For what it's worth OP I really don't think you have done anything wrong. Yes erections are normal and uncontrollable for young boys however when specifically talking about them in this context he is devaluing the girl in the scenario, it is absolutely a misogynistic issue and the responses from people here probably shows why there is such a problem with young boys at the moment.
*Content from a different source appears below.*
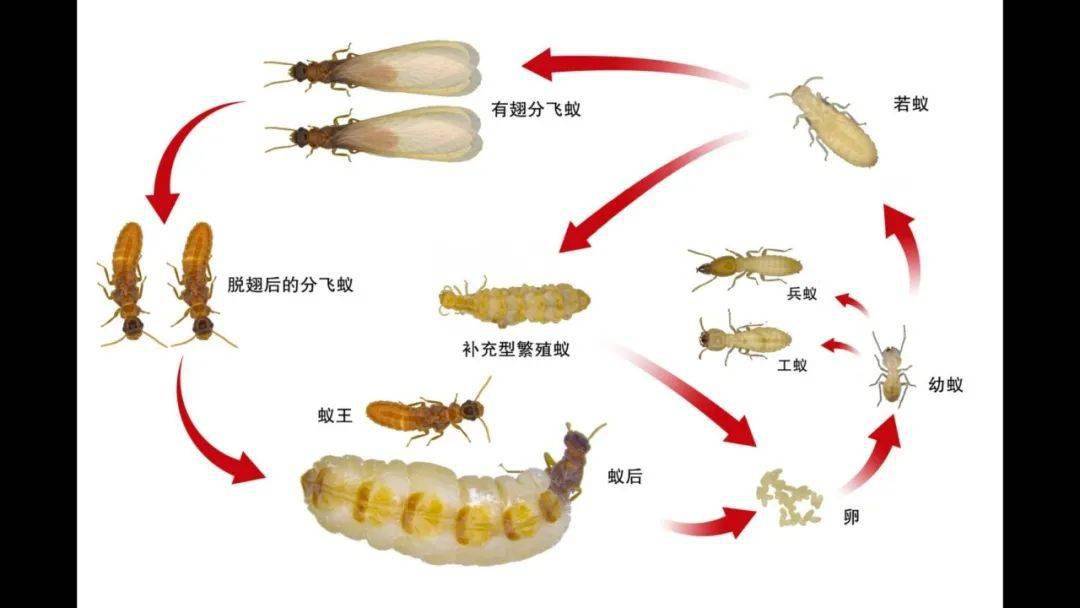 白蚁从幼虫到成虫图片图片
If a 20 year old man said this it would absolutely be called misogyny, 14 year old boys who are not called out on stuff like this turn into misogynistic adults.

PrizedPickledPopcorn · 02/10/2025 14:34

I’m pleased you’re talking like this with your DS.

PrizedPickledPopcorn · 02/10/2025 14:35

We can’t complain about men who think with their dicks, if we don’t challenge kids who see it as a key part of conversation.

The world does not revolve around pandering to cocks.

minipie · 02/10/2025 14:48

I think the posters who think this was a cozy chat between teen boys about their bodily functions are quite naive tbh.

”How many times did your dick go hard while you talked to her” is totally different from opening up about erections.

To me it’s quite clearly a nudge nudge so she makes you horny eh type comment, Jay from Inbetweeners style. Not quite misogyny (I would save that word for worse) but definitely laddish, objectifying and thinking about this girl in a purely sexual way.

OP I think you were right to pull him up on it and as the mum of tween girls I thank you.

CarelessSquid07A · 02/10/2025 14:50

You've not done anything wrong but I do think you've automatically assumed the worst of him.

It's important to not let your experience of men and his father impact how you see him. He's not his father.